Dofinansowanie przyznano 11 podmiotom - kwoty wsparcia z budżetu powiatu wyniosą od 7,4 tys. zł do 45,5 tys. zł. Pozostałe wnioski zostały odrzucone, a radni dopytywali o powody tej decyzji.

- Jeden z wniosków, złożony przez osobę fizyczną, zawierał braki formalne. Wniosek złożony przez Miasto Inowrocław został rozpatrzony negatywnie, ponieważ - jak sądzimy - miasto ma wiele możliwości samodzielnego ubiegania się o dotacje na remont tego typu obiektu. Trzeci wniosek również dotyczył osoby fizycznej. W budynku, który miałby otrzymać dofinansowanie, planowana jest siedziba partii politycznej. Pojawia się więc konflikt interesów - członkowie Zarządu Powiatu należą do tej partii, dlatego przyznanie tam dotacji byłoby naszym zdaniem niestosowne - powiedział Artur Kisielewicz, rzecznik Starostwa Powiatowego w Inowrocławiu.
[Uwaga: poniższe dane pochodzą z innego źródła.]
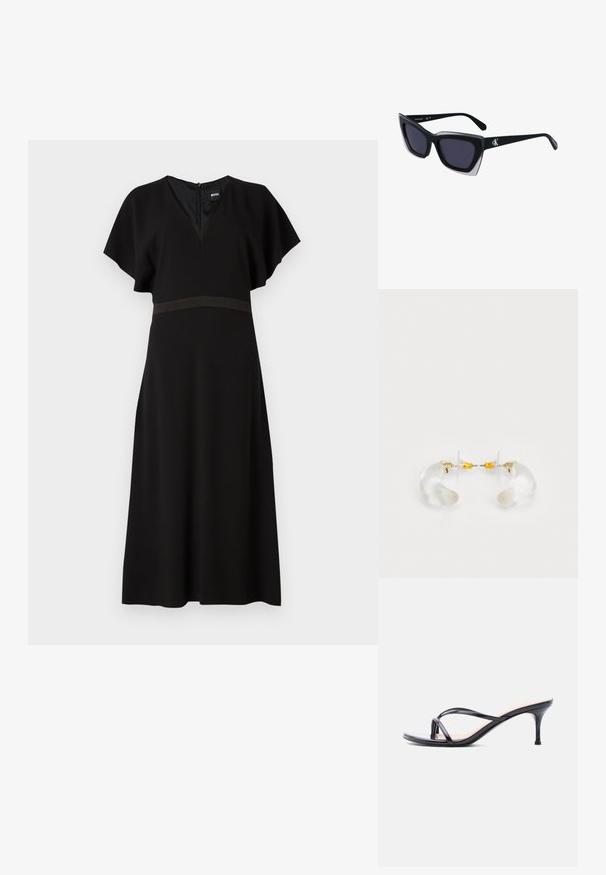Schwarzes Kleid mit V-Ausschnitt, kurzen, schwingenden Ärmeln und einem kontrastierenden horizontalen Band in der Taille. Aus einem glatten, fließenden Stoff gefertigt.; Schwarze Peeptoe-Sandale aus Lackleder mit dünnen, gekreuzten Riemen und einem schlanken, mittelhohen Stilettoabsatz vor weißem Hintergrund.; Schwarze übergroße Sonnenbrille mit geometrischer Form, ausgestattet mit dunklen Gläsern und einem kontrastierenden grauen Detail im Rahmen. Logo am Bügel.; Klare Acryl-Ohrringe in Hoop-Form mit goldenen Akzenten, die ein geschwungenes Design und einen transparenten Verschluss aufweisen. Glatte Textur, minimalistischer Stil.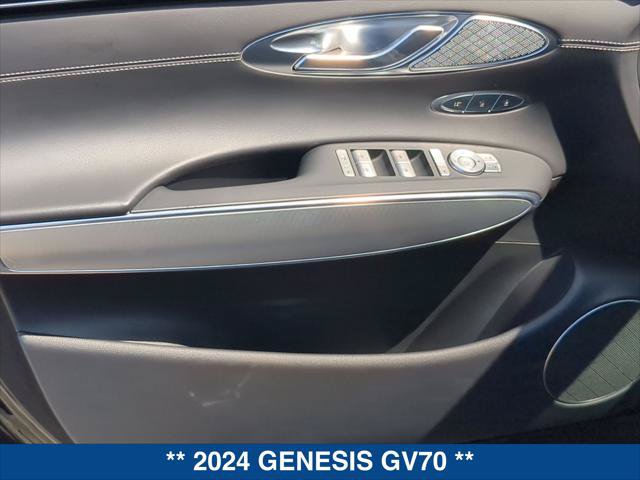 Used 2024 Genesis GV70 2.5T w/ Select Package AWD/4WD image 10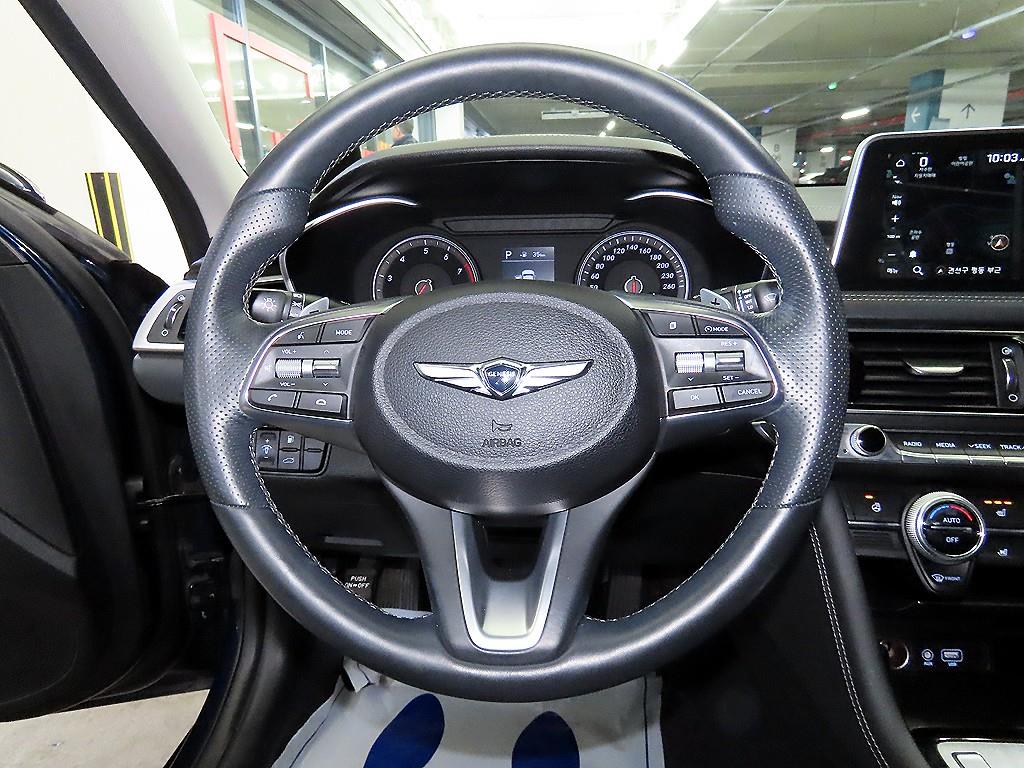 Genesis G70 - Vista 8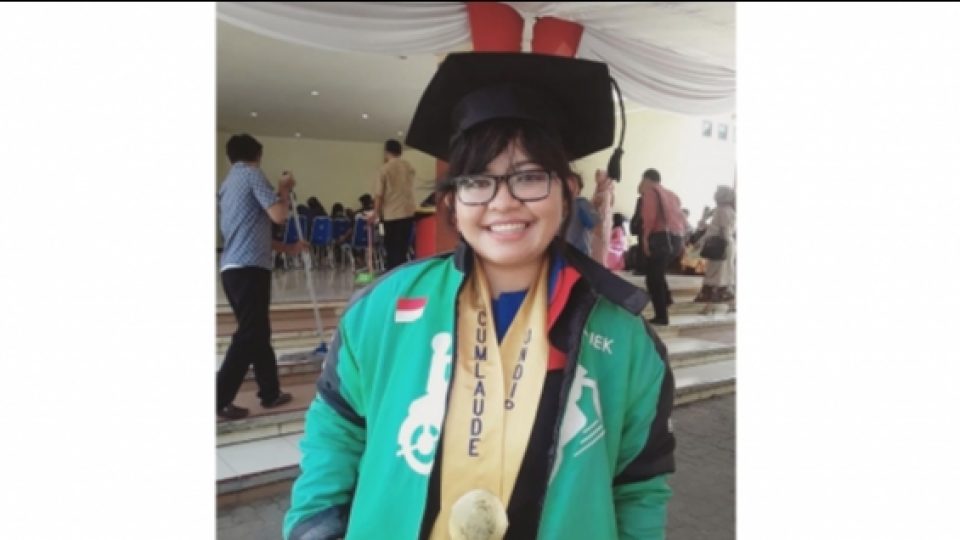 Viral Driver Ojol Lulus Kuliah Cum Laude Jurusan Hukum Undip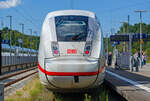 ICE 4 von Köln verspätet ankommend im Ostseebad Binz. - 08.07.2024 - Vom Übergang zum Bahnsteig 3 aufgenommen.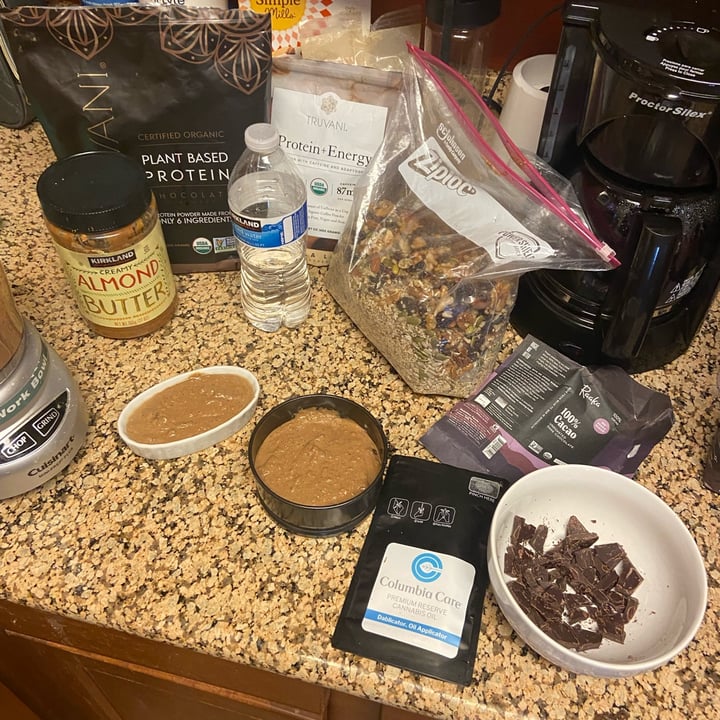 review photo of Truvani Protein energy shared by @lisa1084 on 17 Dec 2021 - review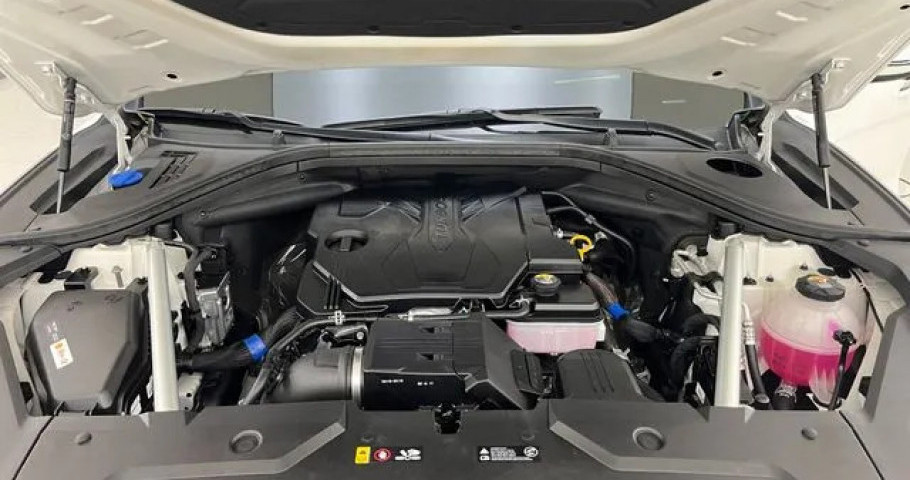 Genesis Gv70 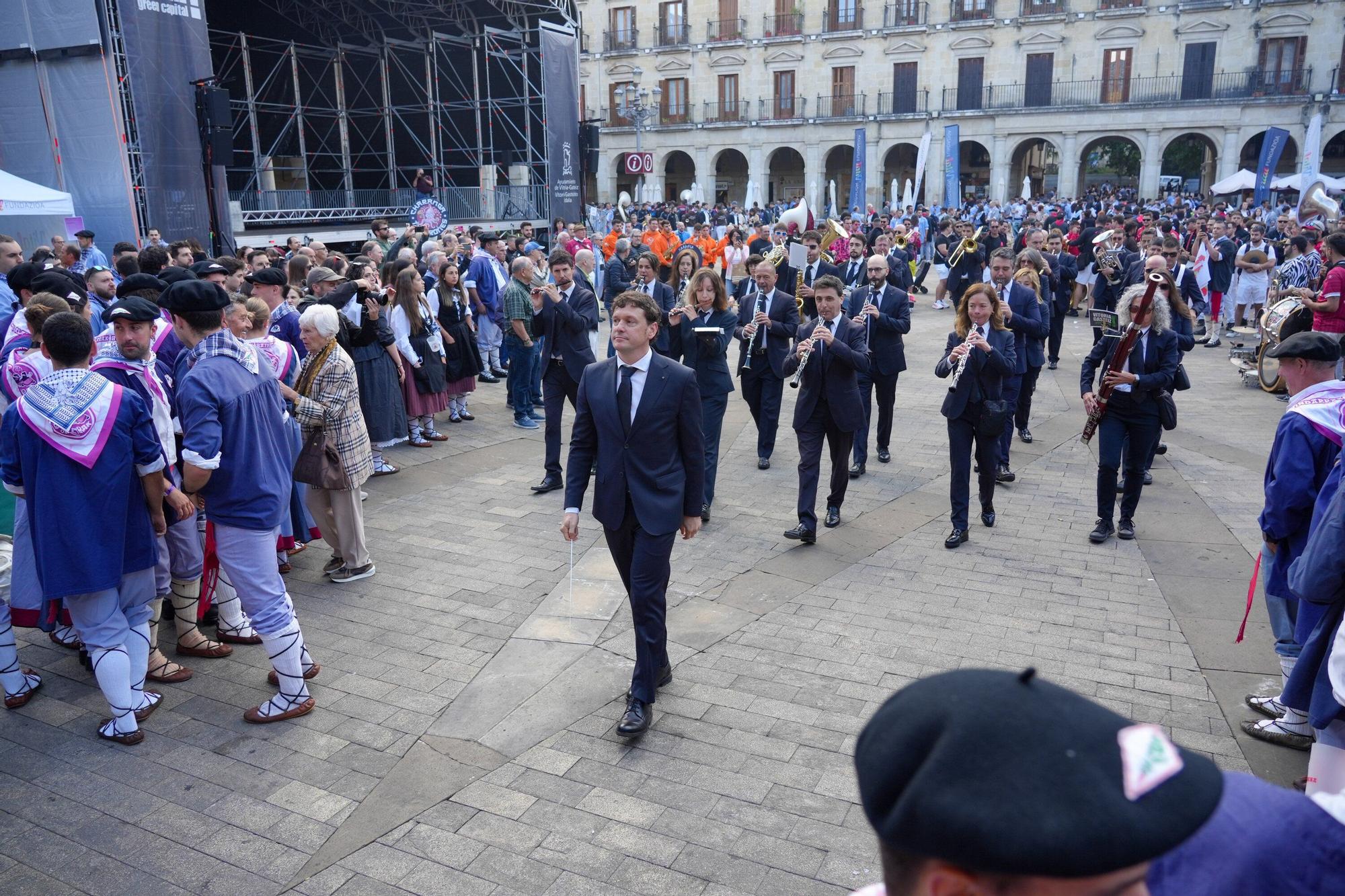 En imágenes: Las dianas llaman a la fiesta en el día de Santiago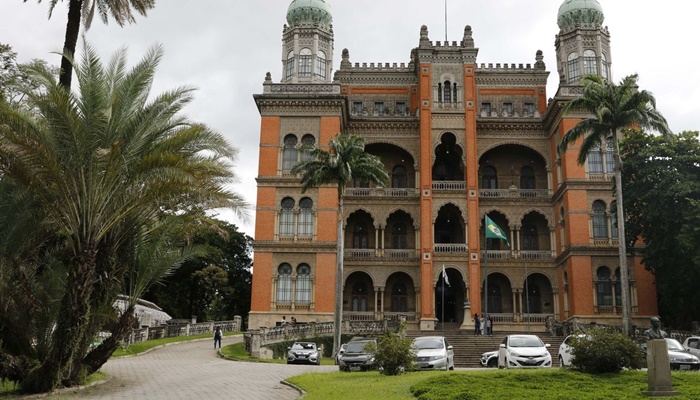 Fiocruz estuda antiviral para combater a covid-19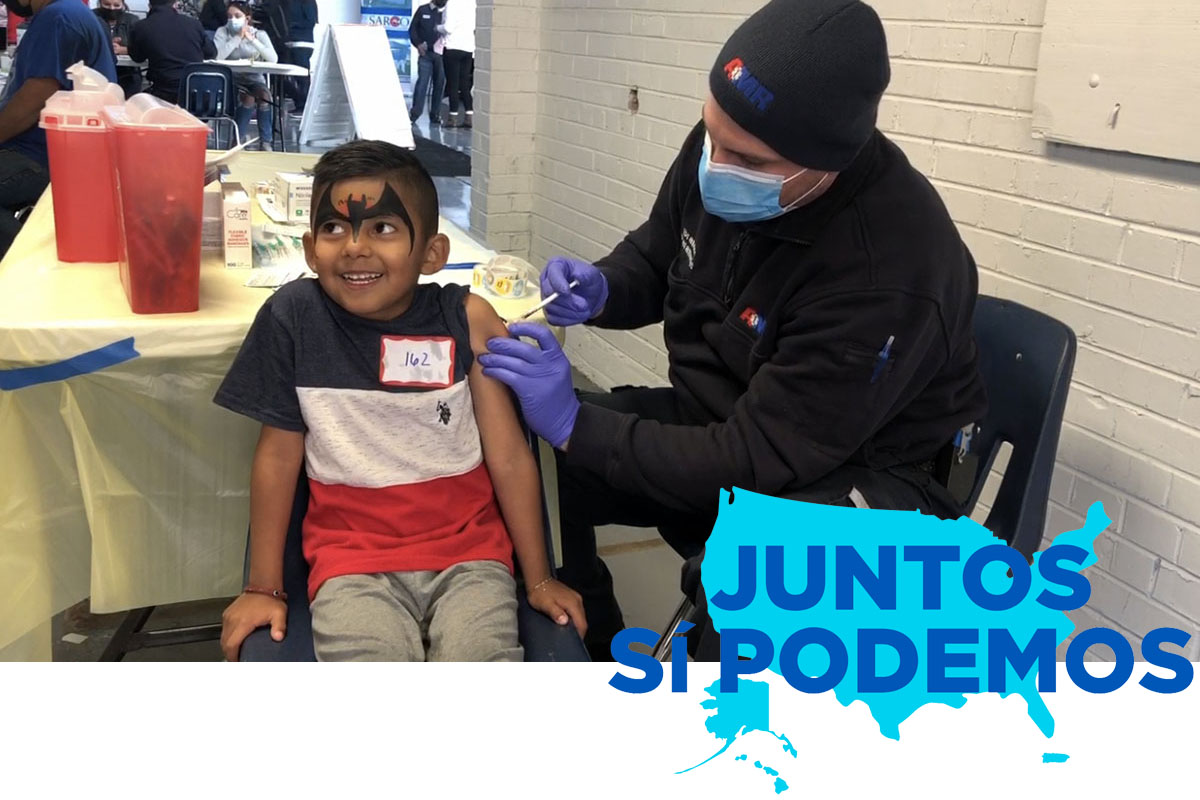 Juntos Sí Podemos ENTREVISTA CON EL PEDIATRA STEVEN FEDERICO, DENVER HEALTH “Es seguro vacunar a los niños contra el Covid-19” Redacción El Comercio de Colorado Las hospitalizaciones están aumentando para todos los grupos de edad en EEUU. Aunque los niños tienen las tasas de hospitalización más bajas, en la actualidad se registra el mayor número ingresos de menores de edad en los hospitales en lo que va de la pandemia. Según los datos de los Centros de Control y Prevención de Enfermedades (CDC), al 10 de enero de 2022, unos 3.100 menores está hospitalizados en EEUU a consecuencia del Covid-19. El anterior récord de ingresos infantiles se alcanzó durante el pico de la ola causada por la variante delta, en el verano de 2021. En ese momento hubo 400 menores fueron hospitalizados en un día. El aumento de hospitalizaciones entre la población infantil coincide con el regreso de los estudiantes a las aulas tras las vacaciones navideñas. Sin embargo, hay un consenso sobre la necesidad de tener las escuelas abierta aplicando protocolos de seguridad para los menores. Por otro lado, los CDC reportan que solo el 16 por ciento de los niños de entre cinco y 11 años están completamente vacunados en Estados Unidos. Conversamos con el pediatra Steven Federico para entender el impacto del covid-19 en los más pequeños de la casa. Federico, que se desempeña como director general de Pediatría del Denver Health, tiene origen hispano. Nació y creció en Nogales, Arizona, dentro de una familia con raíces en Sonora, México. ¿Cómo se puede diferenciar el covid-19 de la gripe estacional de la temporada? Steven Federico: Es lo más difícil. Especialmente entre los jóvenes, los síntomas son muy parecidos o básicamente iguales. Un niño con resfriado estacional puede presentar los mismos síntomas de otro que tiene Covid-19. Sabemos que los niños jóvenes, especialmente de 0 a 5, por igual los de 5 a 11 años, presentan un resfriado tras otro, especialmente en esta época. Lo importante es que debemos estar seguros es si ese refriado tiene que ver con el Covid-19 o no. Debemos saber eso antes de enviarlo a la escuela. Recomendamos entonces que se les practique una prueba a los niños. Esa prueba se la pueden practicar en la casa o lo pueden llevar al consultorio de un medico. Es la única manera de saber de seguro para proteger la salud del infante, de toda la familia, de sus compañeros de escuelas y de toda la comunidad. ¿Cuáles son sus consejos para que los niños estén protegidos contra el Covid-19 al estar en las escuelas? SF: El primer consejo viene siendo la vacunación. Si un niño está vacunado, pero no tiene el refuerzo, sus padres deben estar pendientes para aplicarle la tercera dosis si ya han transcurrido cinco meses después de la última vacuna. Los padres, los maestros y el personal de la escuela también deben vacunarse y ponerse el refuerzo. El segundo consejo es el usar el cubre bocas. Cuando los niños estén adentro del salón de clase y en todas las áreas de la escuela deben tener su máscara puesta, yo diría en un 99.9 por ciento del tiempo. El único momento para quitarse la mascara es cuando se ingiere agua o alimentos. El cubrebocas debe estar bien puesto, nunca usar por debajo como un bigote. La nariz y la boca deben estar completamente cubiertas. Un tercer consejo es que cuando el niño sienta algún síntoma debe permanecer en casa. Nunca se debe presentar a la escuela a menos que se haya practicado una prueba de Covid-19 y su resultado sea negativo. Si la prueba es positiva, ese niño, junto con su familia debe permanecer en cuarentena, aislados, el tiempo indicado. ¿Es seguro vacunar a los menores contra el Covid-19? SF: Esta vacuna contra el Covid-19 se ha estudiado más que cualquier otra vacuna que hemos tenido en la historia de humanidad. Hemos vacunado a cinco millones de niños entre las edades de 5 a 11. Hemos dado 400 millones de vacunas al nivel nacional a personas de varias edades. Entonces tenemos mucha información al saber cuáles son los efectos secundarios y cuáles son los beneficios que ellas traen. Como médico les quiero decir que esta vacuna es increíblemente segura para cualquier persona a partir de los 5 años. Agregado No. 1 Vea la entrevista al pediatra Steven Federico https://elcomerciodecolorado.com/por-que-el-omicron-afecta-a-los-ninos/ (QR CODE) PIE DE FOTO Foto No. 1 A PARTIR DE 5 AÑOS| Niños tienen acceso a las vacunas. (Fotos/ El Comercio de Colorado) Foto No. 2 PEDIATRA| Steven Federico, MD, Denver Health. Agregado No. 2 Encuentre dónde vacunarse • Visite vacunas.gov • Envíe un SMS con tu código postal al 822862 • Llame al 1-800-232-0233 Agregado No. 3 ¿Cuántas dosis de la vacuna necesitan los niños? • La vacuna de Pfizer-BioNTech requiere dos dosis iniciales dadas a 21 días de diferencia. • Todas las personas de 16 años o más deben ponerse la dosis de refuerzo cinco meses después de su segunda dosis de la vacuna Pfizer-BioNTech para mantener al máximo la protección contra el COVID-19. ¿Cuáles son los efectos secundarios comunes de las vacunas contra el COVID-19? • Los niños que han recibido la vacuna contra el COVID-19 tienen los mismos efectos secundarios comunes que los adultos. • Estos efectos secundarios son normales y generalmente duran un par de días después de la vacunación. • Son señales de que la vacuna está funcionando y de que el cuerpo de su hijo está creando protección contra el virus. Los efectos secundarios comunes incluyen: • Dolor, enrojecimiento o hinchazón donde recibió la inyección • Cansancio • Dolor de cabeza • Dolor de los músculos • Escalofríos • Fiebre • Náuseas ¿Si mi hijo ha tenido COVID, necesita vacunarse? • Sí. Debe vacunar a su hijo contra el COVID-19 incluso si ya le dio COVID-19. • Haber tenido COVID-19 no necesariamente protege a alguien contra infectarse nuevamente. • Un estudio reciente mostró que las personas no vacunadas tienen más del doble de probabilidad de infectarse con el virus del COVID-19 que aquellas que tuvieron COVID-19 y luego se vacunaron.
Uzasadnienie odrzucenia trzeciego wniosku spotkało się z krytyką ze strony radnego Konfederacji, Marcina Wrońskiego, który mówi o dyskryminacji.

- To uzasadnienie jest niebywałe - nigdy wcześniej nie spotkałem się z czymś podobnym. Przedstawiciel starostwa oświadcza, że powodem odrzucenia projektu jest planowane wynajęcie lokalu partii politycznej. Od razu zaznaczę, że nie mam nic wspólnego z tą partią i nie występuję w jej imieniu. Dziwi mnie jednak, że właściciel nieruchomości jest dyskryminowany tylko dlatego, że zamierza wynająć lokal partii politycznej - skomentował Marcin Wroński.

Radny dodał również, że rozmawiał z właścicielem kamienicy, który potwierdził, że umowa najmu jeszcze nie została podpisana.

- Wniosek został odrzucony z powodu czynności, która de facto jeszcze nie miała miejsca. Wszyscy widzimy, w jak opłakanym stanie znajduje się centrum Inowrocławia - fatalna kondycja kamienic, ogromna liczba pustych lokali. Niestety, nie widać działań władz miasta, które mogłyby odwrócić tę sytuację. Puste, niewynajęte lokale przyspieszają degradację budynków, więc nie dziwi mnie, że właściciel chce wynająć przestrzeń partii politycznej. To jednak nie powinno być powodem do odrzucenia wniosku. Będę domagał się wyjaśnień od przedstawicieli Starostwa w sprawie zasad weryfikacji projektów i przyznawania dotacji na remonty zabytków - dodał Marcin Wroński.